=== DATASET SECTION ===

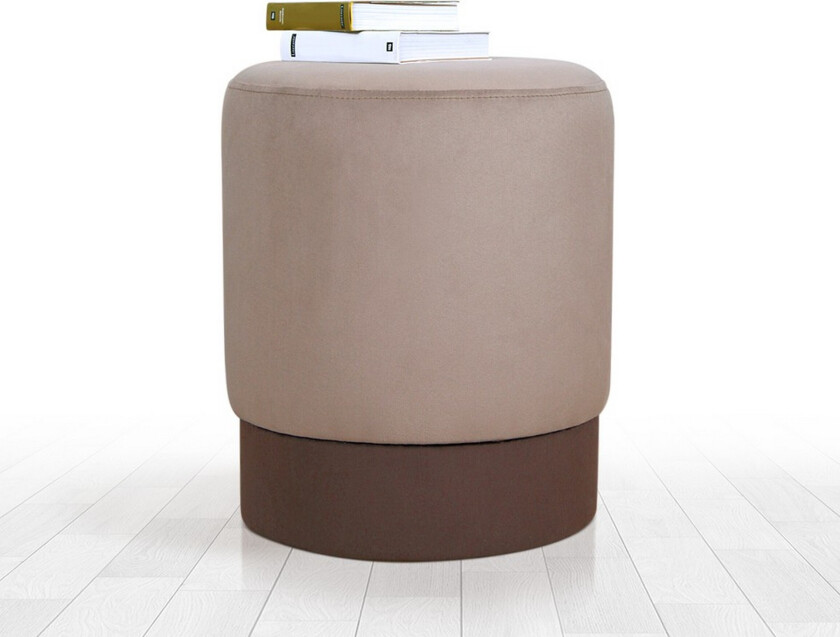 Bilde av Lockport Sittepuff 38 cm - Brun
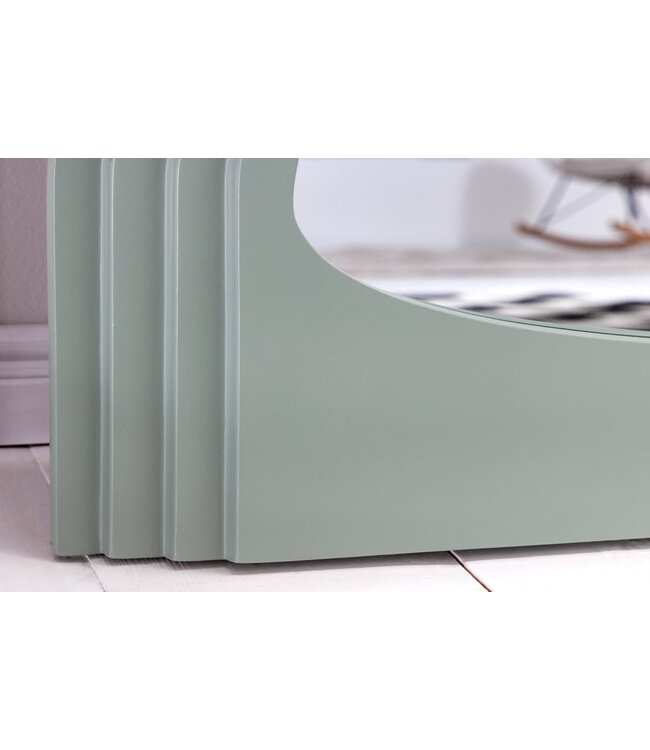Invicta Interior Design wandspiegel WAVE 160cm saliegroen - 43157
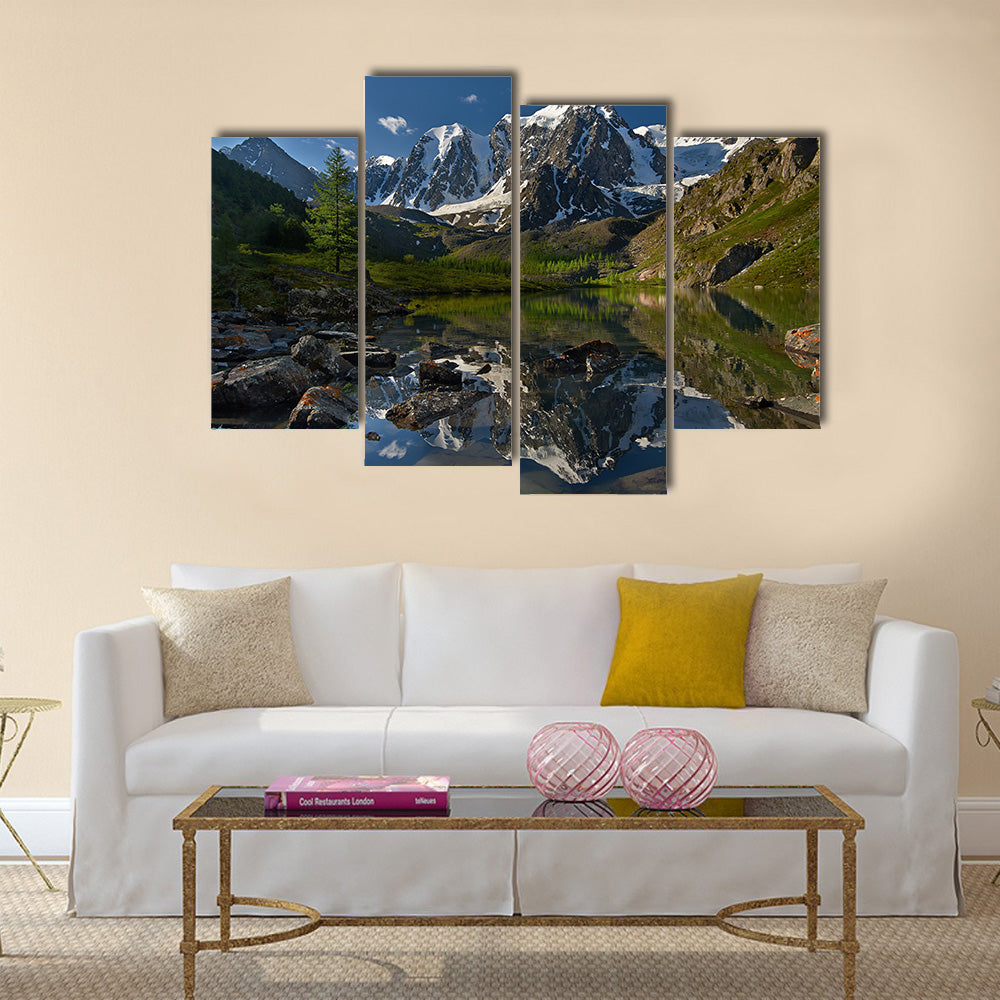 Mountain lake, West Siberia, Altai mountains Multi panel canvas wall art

===

Could you copy the listing exactly, leaving out any pictures?

 Bilde av Lockport Sittepuff 38 cm - Brun
Invicta Interior Design wandspiegel WAVE 160cm saliegroen - 43157
 Mountain lake, West Siberia, Altai mountains Multi panel canvas wall art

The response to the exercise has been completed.